Décision n° 2014-693 DC du 25 mars 2014 - Saisine par 60 députés
Le projet de loi relatif à la géolocalisation a été adopté par l'Assemblée nationale et le Sénat le 24 février dernier et ce, en recueillant un large accord parmi l'ensemble des groupes parlementaires. Au cours de l'examen de ce texte, a été introduite à l'article 1er du projet de loi, par voie d'amendement, une disposition, codifiée à l'article 230-41 du code de procédure pénale, permettant de disjoindre du dossier de la procédure certains éléments dont la connaissance est susceptible de mettre gravement en danger la vie ou l'intégrité physique d'une personne, des membres de sa famille ou de ses proches et alors qu'elle n'est ni utile à la manifestation de la vérité, ni indispensable à 1'exercice des droits de la défense.
Aux termes de ces dispositions, il appartient au juge des libertés et de la détention, saisi à tout moment par requête motivée du juge d'instruction, d'autoriser, par décision motivée, que n'apparaissent pas dans le dossier de la procédure : la date, l'heure et le lieu où le moyen technique permettant la géolocalisation en temps réel a été installé ou retiré ; l'enregistrement des données de localisation et les éléments permettant d'identifier une personne ayant concouru à l'installation ou au retrait de ce moyen technique.

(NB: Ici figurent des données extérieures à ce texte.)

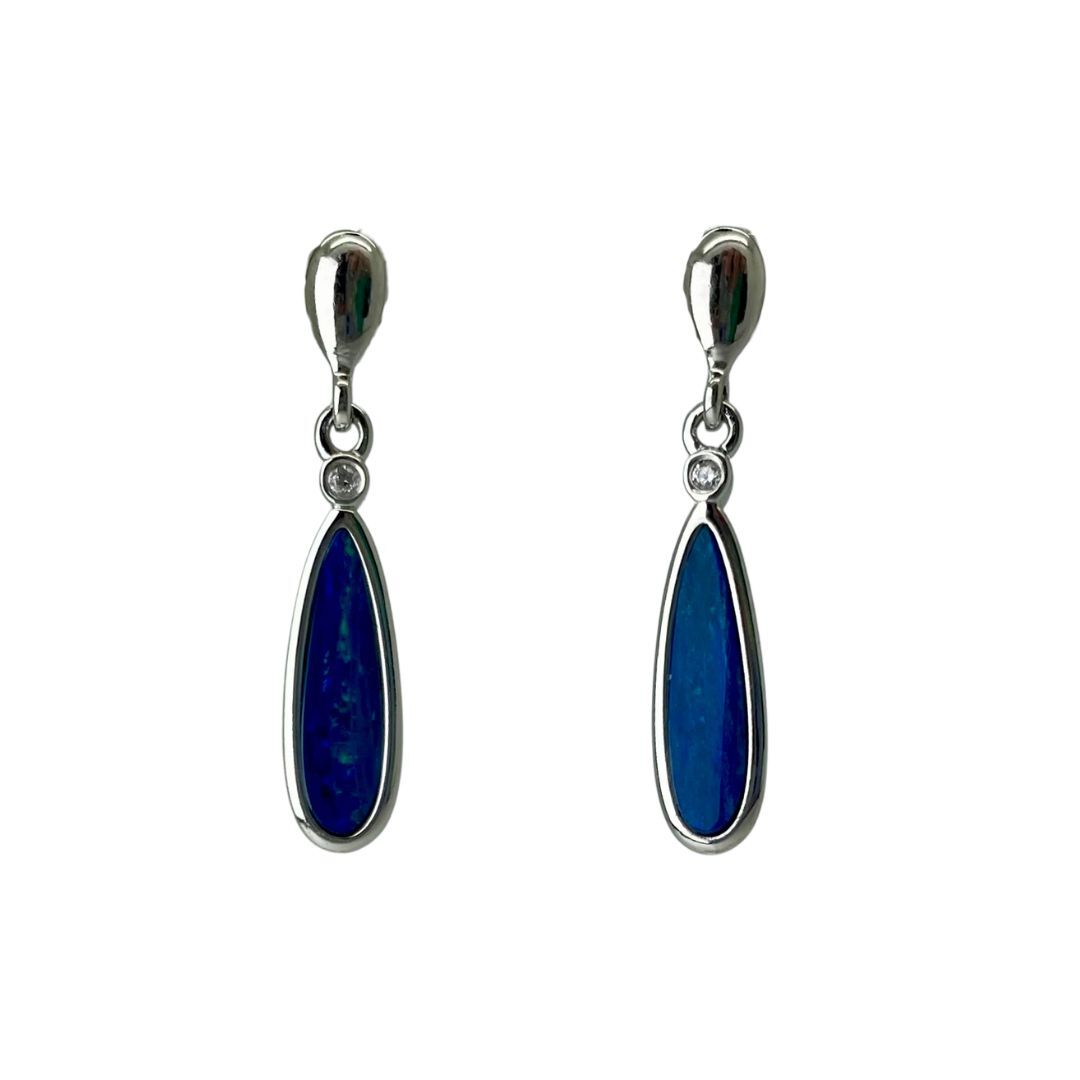 Pair of blue teardrop earrings with silver accents on a white background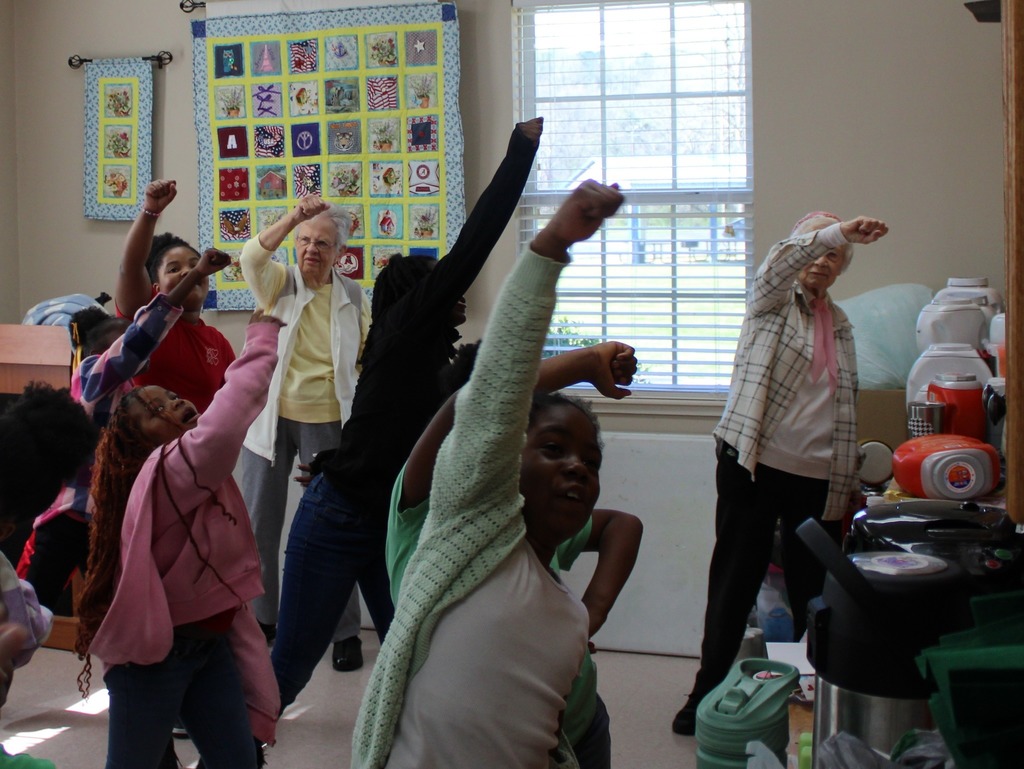 A group of girls and women participate in an exercise class.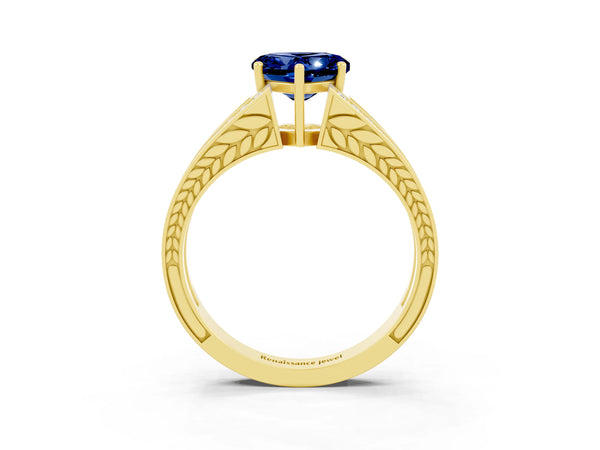 Yellow gold Heart Cut Blue Sapphire Split Shank Ring with Pavé Band and Four-Prong Setting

Le nouvel article 230-41 prévoit également que la décision du juge des libertés et de la détention est jointe au dossier de la procédure. Les informations soustraites du dossier de la procédure sont inscrites dans un autre procès-verbal, qui est versé dans un dossier distinct, dans lequel figure également la requête du juge d'instruction. Ces informations sont inscrites sur un registre coté et paraphé, qui est ouvert à cet effet au tribunal de grande instance.
Au cours des débats parlementaires, la question s'est posée de savoir si ce dispositif qui entend permettre de protéger les personnes qui concourent à l'action de la justice respectait le principe des droits de la défense auquel nous sommes naturellement profondément attachés.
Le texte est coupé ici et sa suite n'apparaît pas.